Saturday, 7 February 2009

The danger of Wikipedia

Wikipedia is one of the most popular websites on the Internet. While a substantial amount of traffic is perhaps that created by editors adding, changing, deleting and otherwise manipulating information contained within the online 'encyclopaedia', pages from it often shows up in the top three results of any Google search.

Most academics, thankfully, frown upon its usage. However, some previously respectable establishments apparently not only use the encyclopaedia, but take it seriously enough to reproduce the information contained within.

A fairly innocuous event concerning the death of a prolific TV-theme tune composer in 2007 highlights the problems inherent in people taking what Wikipedia says for granted. The 'encyclopaedia' stated on the 20th of September, 2007 (nearly two weeks before his death), that Ronnie Hazlehurst composed the song 'Reach' for pop group S Club 7 at the age of 72.

This addition to the article on Hazlehurst wasn't questioned until after The Times, The Guardian, The Independent, Reuters, BBC News and various other news media outlets published the fabrication.

Subsequently, blogs and Internet forums alike were awash with praise for the man who had written the popular and catchy pop tune 'Reach'.

Was that the end of the story? Oh no - Wikipedia is a bureaucracy, you see. It's stuck in a quagmire of rules which transcend common sense and, ultimately, truth. So much so that Wikipedia actually comes close to being able to bend the fabric of reality itself.

A debate on Hazlehurst's article's discussion page at Wikipedia (each article can, and often does, have its own talk page attached to it) suggested that the 'fact' that Hazlehurst wrote S Club 7's hit could be verified by citing The Times. An editor even re-added the information after it was removed. They said, "No evidence of hoax. Three indepedent [sic] sources have said it. It's very arrogant to say it comes from this page!! Cite he didn't." So now this editor is attempting to shift the onus onto those who don't believe the falsification to prove it is an actual falsification. Wikipedia even has policy which protects the content of an article at any given moment, to the detriment of whoever is trying to change it, and to the advantage of whoever claims this policy first.

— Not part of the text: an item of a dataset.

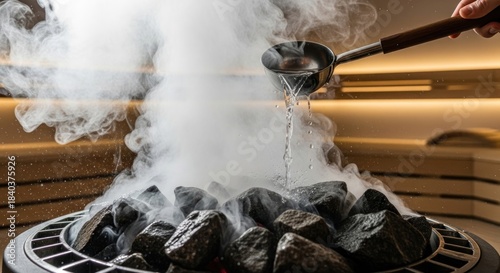 Water poured onto hot sauna rocks creating steam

The editor ignores common sense which might suggest that a person who couldn't take the time to register an account with Wikipedia and has only made a grand total of three edits - all concerning the composer and the S Club 7 song - may possibly have been arsing about.

Unfortunately Wikipedia takes itself too seriously: it likes to protect possibilities and popular opinion rather than taking a stance against them and only reporting facts.

Wikipedia can be forgiven for it's feeling of self-importance and even for Jimmy Wales' successful attempt at making it artificially popular by manipulating search engines. People can be forgiven for believing Wikipedia, because it is written by lots of different people from all over the world and therefore it must be pretty balanced and accurate, mustn't it?

Professional journalists though, must surely be pretty embarrassed by the fact that they have relied on the word of whoever has the most time to slap together a website of articles and call it an encyclopaedia in replacement of actual legwork and proper journalism.

Renowned news companies must feel pretty bad about actually having published incorrect information based on nothing more than sheer laziness and other peoples' sloppy work.

The story is old now - over a year old - and hey.. it's not all that bad, is it? I mean, it's not as if this composer (no disrespect to him) was particularly important on the global scheme of things, is it? Perhaps not. But it makes one wonder just how many 'professional journalists' now look to the likes of Wikipedia as their primary or even secondary source, and how often they might be led astray on other 'facts' which might not have been caught as this one was. Or perhaps 'facts' that groups of editors guard intensively against changing.

Prime Ministers and Presidents read newspapers or watch news programmes on TV. Like every other normal person, they have to get their news from the news sources across the world. Besides government intelligence agencies, their news is often from the same sources as our own. The difference is that they have to make life-altering and fateful decisions often based on that information.

On one blog, I read that Wikipedia is OK if you ignore the written blurb and skip right down to the links at the bottom - the references or notes sections. I disagree. Even with those, it is too easy to create a reading list of sources by authors sympathetic to your personal views and opinions, or even snippets which support your personal views and opinions - especially if you have another couple of sympathetic editors who share your views and opinions who are willing to guard the article with you.

Wikipedia was a nice idea in theory but, like any democracy or bureaucracy, it's ultimately flawed.. particularly as it makes up, or takes advantage of, 'policy' on the fly in preference to good old-fashioned common sense.

Whoever knows the Wikipedia system the best, is most often the one who gets their version of any given article protected by that system, regardless of the truth or balance. And some people, some extremists, are prepared to go to great lengths to protect their version of 'The Truth'.